The Great Teacher had sought men's hearts. He was content with a confession of belief.

The Great Teacher had taught principles. He left precepts for the guidance of his followers.

The Great Teacher had been tempted as all men are tempted, but had never faltered, never stumbled, never failed. The later teacher claimed a 'divine' indulgence for his sins.

The Great Teacher suffered and laid down His life for men—the other decreed that his dominion should be extended by the sword.

Mohammed's Claim to supersede Christ.

Islam is the one religion which throws down a challenge to the Gospel; others came before and knew not the Christ. Mohammed alone of all religious teachers has measured himself beside the holy JESUS, and, coming after Him, claims to supersede Him. That is Islam's challenge to the Church of Christ to-day.

The Crusades.

That challenge, if not in its full meaning, at least in its terror, was a very real and threatening thing to European Christendom in its early centuries, when Saracens and Turks had almost surrounded the Mediterranean, had conquered Spain, threatened France, sacked Moscow, and held Damascus and Jerusalem, Bethlehem, Nazareth, and Olivet. And Christendom took up the gauntlet. If Islam attested its right by its conquests, so then would the Church. And the Christian countries of Europe poured forth their earnest, ignorant rabble and the glory of their chivalry, with crosses on their sword-hilts, and banners with 'Dieu le veult' floating above them, to the Holy War, to recover Jerusalem from the Turks. Hundreds of thousands of the nobility and yeomen of Europe laid down their lives with a feverish zeal in each Crusade, and a long and ghastly line of bones whitened the roads through Hungary to the East.
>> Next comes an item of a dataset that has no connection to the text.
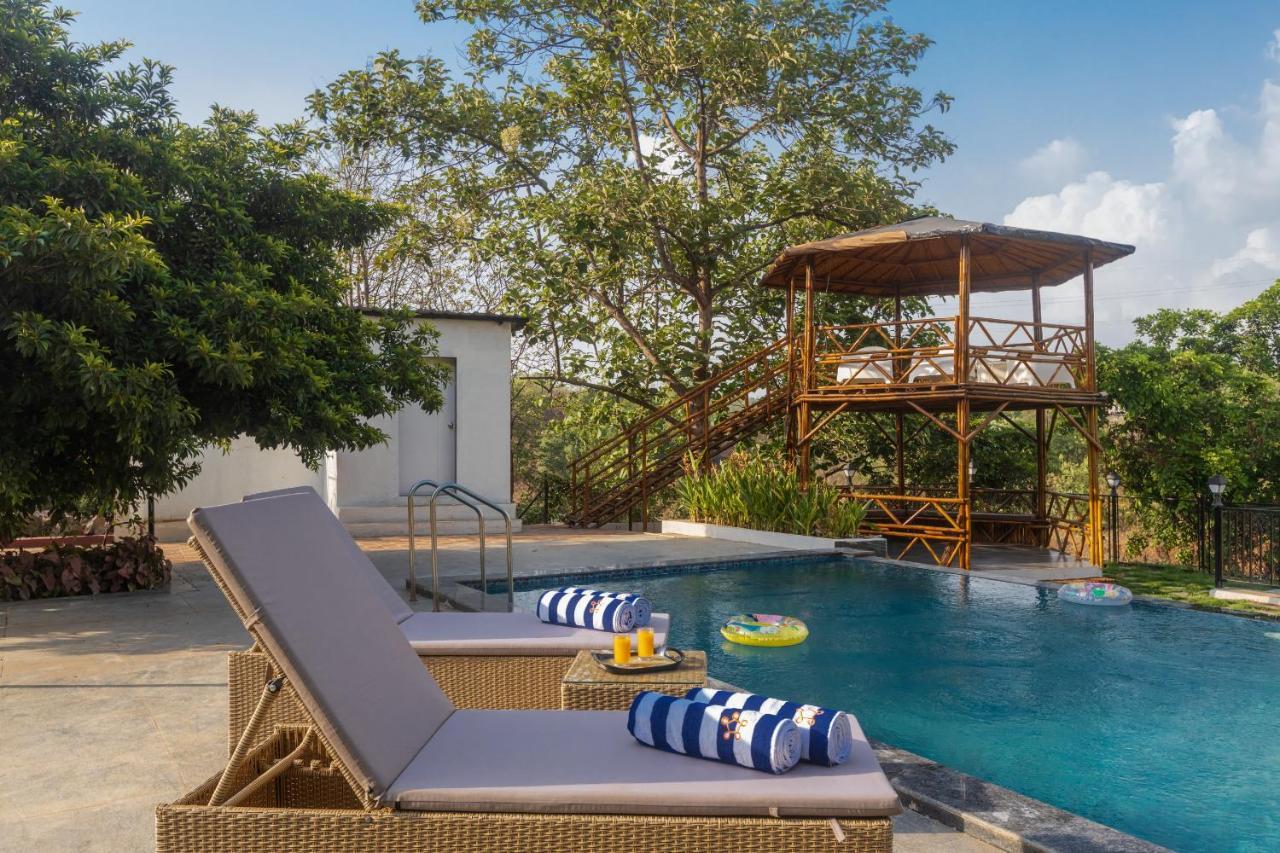 Saffronstays Riverfront Manor, 5-Bdr Pool Villa By Pej River Karjat Eksteriør bilde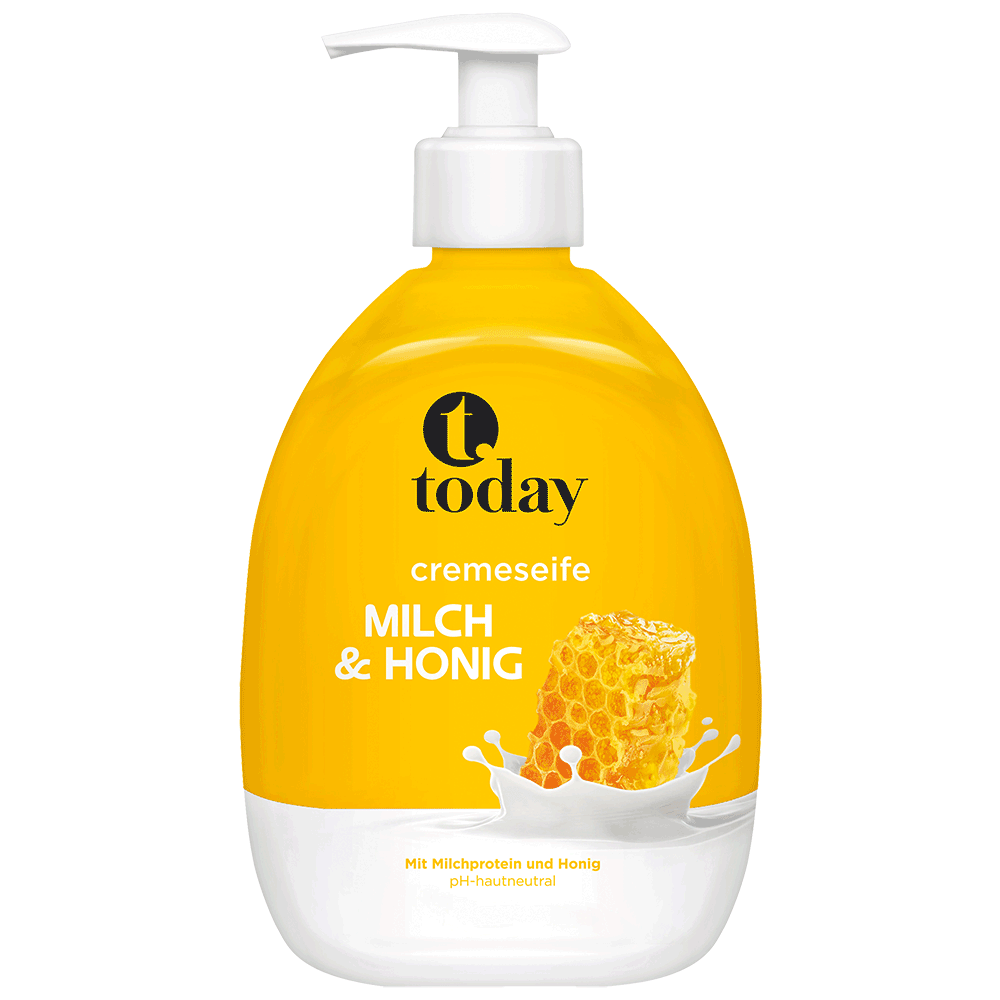 Bild: today Cremeseife Milch & Honig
The Crusades present at once one of the grandest pictures of misguided zeal, and one of the blackest crimes in history; for they were the very denial of the Gospel for which they contended, and the arms of Christian knights were stained with acts of barbarity and cruelty more heathenish than those of their Turkish foes. Christendom was repulsed, fighting with the Moslem weapon, and it seemed to many as though the Church had tried in vain her only weapon—the weapon of force. Popes there were, and monks and priests, and those who should have been the shepherds of the flock, yet none saw that the Church had cast aside the one method that never fails.